■ **WHAT IS BEING ASKED**
For every line in the material, output its text exactly and exclude any image it holds.

■ **DATA SECTION**
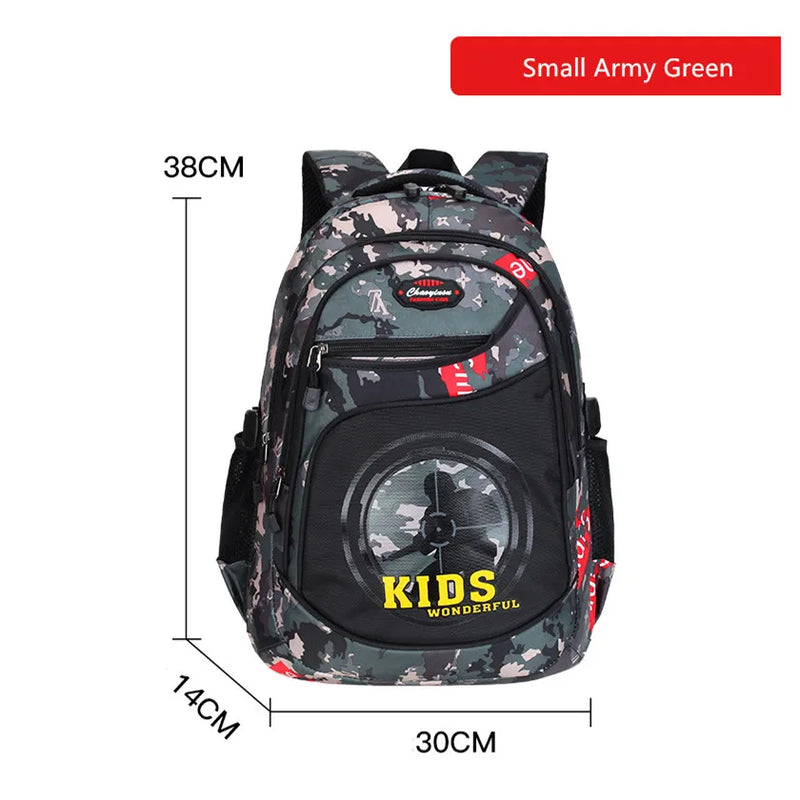 Boys Camouflage Backpack Waterproof Elementary School Bag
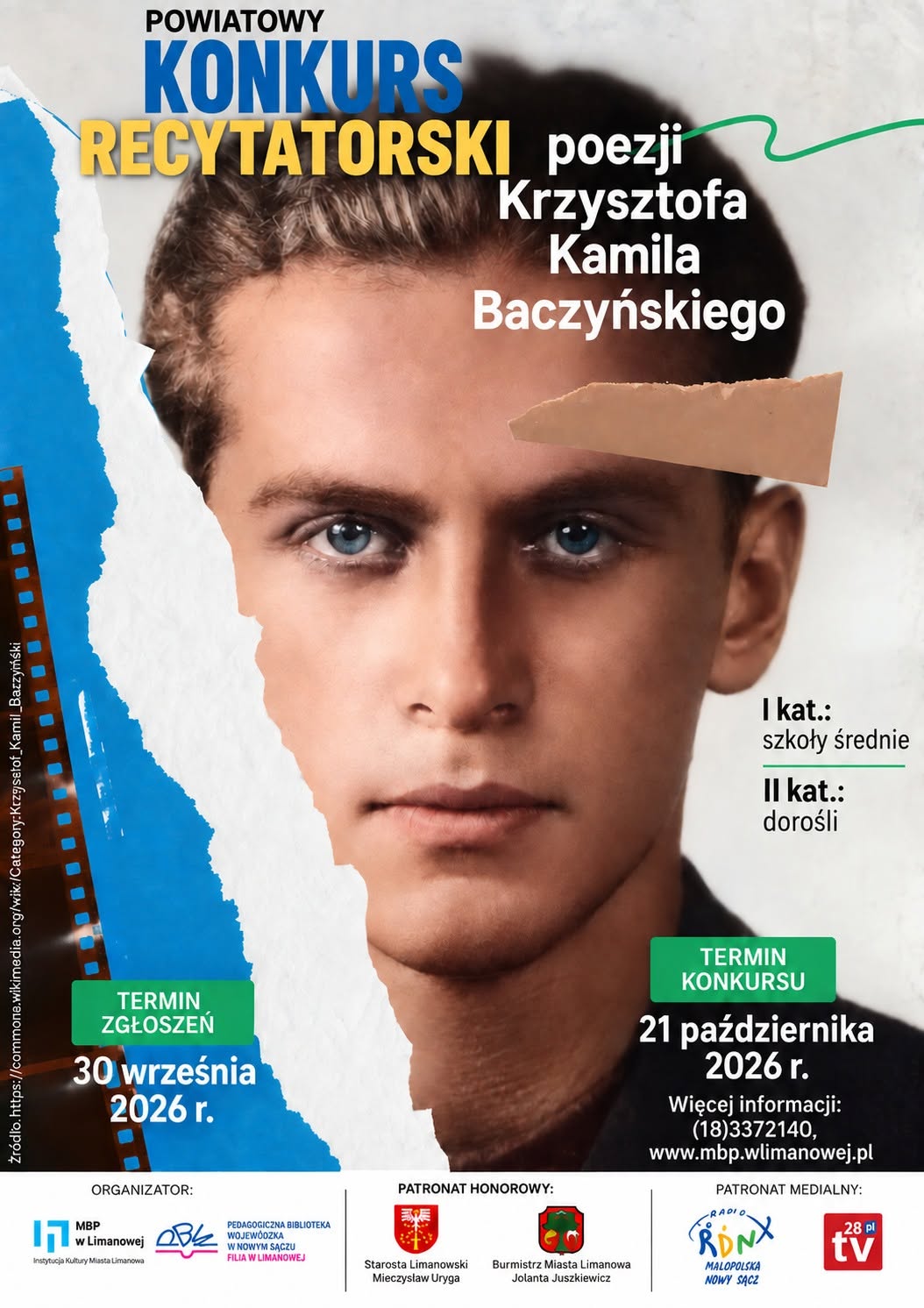 Konkurs recytatorski poświęcony poezji Krzysztofa Kamila Baczyńskiego. Zgłoszenia do 30 września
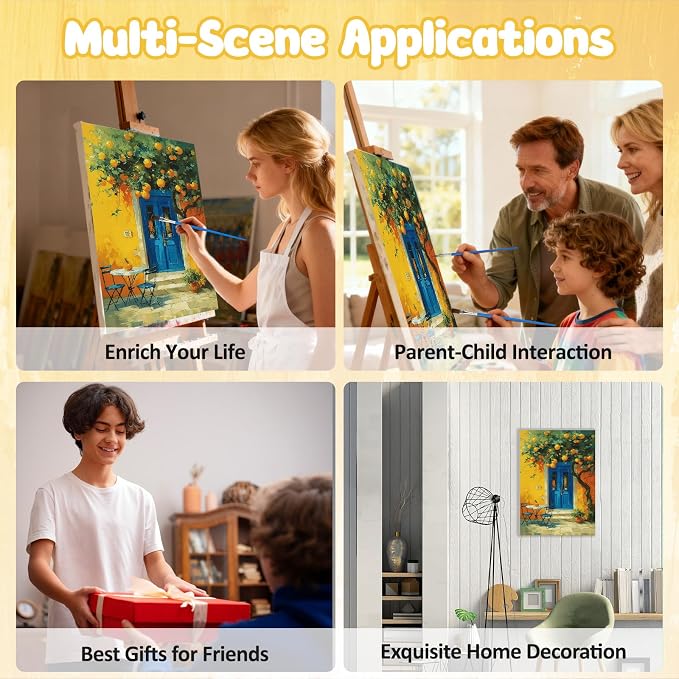 MAXBYE Framed Paint by Numbers Kits for Adults, Lemon Tree Paint by Numbers Kit for Adults with Wooden Easel, Easy DIY Oil Painitings Kits with Tools for Beginners Gift Home Wall Decor 10×14 Inch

■ **EXERCISE RESPONSE**
 Boys Camouflage Backpack Waterproof Elementary School Bag
 Konkurs recytatorski poświęcony poezji Krzysztofa Kamila Baczyńskiego. Zgłoszenia do 30 września
 MAXBYE Framed Paint by Numbers Kits for Adults, Lemon Tree Paint by Numbers Kit for Adults with Wooden Easel, Easy DIY Oil Painitings Kits with Tools for Beginners Gift Home Wall Decor 10×14 Inch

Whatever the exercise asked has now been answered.